Peut-être Droit, journaliste, homme de lettres, de cinq dirons-nous, membre de l’association des chasseurs d’Afrique francophone, cf. Bokassa Ier, officiant à l’ordre national du Mérite, médaillé militaire, croisé de guerre 39-45 et croix de la Légion d’honneur dite étoile des braves, apprécierait-il que je mette à nouveau celle de David que l’on me somma d’arborer en juin 1942 noir sur jaune et ainsi, après avoir été relégué dans mon ghetto par la milice, devrais-je trente-sept ans plus tard y retourner, poussé cette fois par un ancien néo-combattant (…)

L’affaire a culminé lors d’un concert à Strasbourg, annulé à cause de menaces d’attentats, où Gainsbourg a chanté La Marseillaise a capella, en présence de paras venus pour en découdre, voir la vidéo sur le site de l’INA, ici (on reconnait les paras à leur béret rouge).

Gainsbourg a aussi écrit des chansons moins connues où il donne sa vision du judaïsme, toujours dans une veine provocatrice, Juif et Dieu.

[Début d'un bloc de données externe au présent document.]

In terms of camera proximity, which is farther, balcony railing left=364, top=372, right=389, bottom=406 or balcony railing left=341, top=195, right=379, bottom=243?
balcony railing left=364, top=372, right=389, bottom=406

Pour conclure ce billet, je note que Gaimbard était le faux nom utilisé par la famille Ginzburg pour se cacher pendant la guerre. Impossible de ne pas y associer le surnom Gainsbar, qui apparait notamment dans la chanson Ecce homo. Ecce homo : « voici l’homme », paroles prononcées par Ponce Pilate présentant le Christ à la foule selon l’évangile de Jean.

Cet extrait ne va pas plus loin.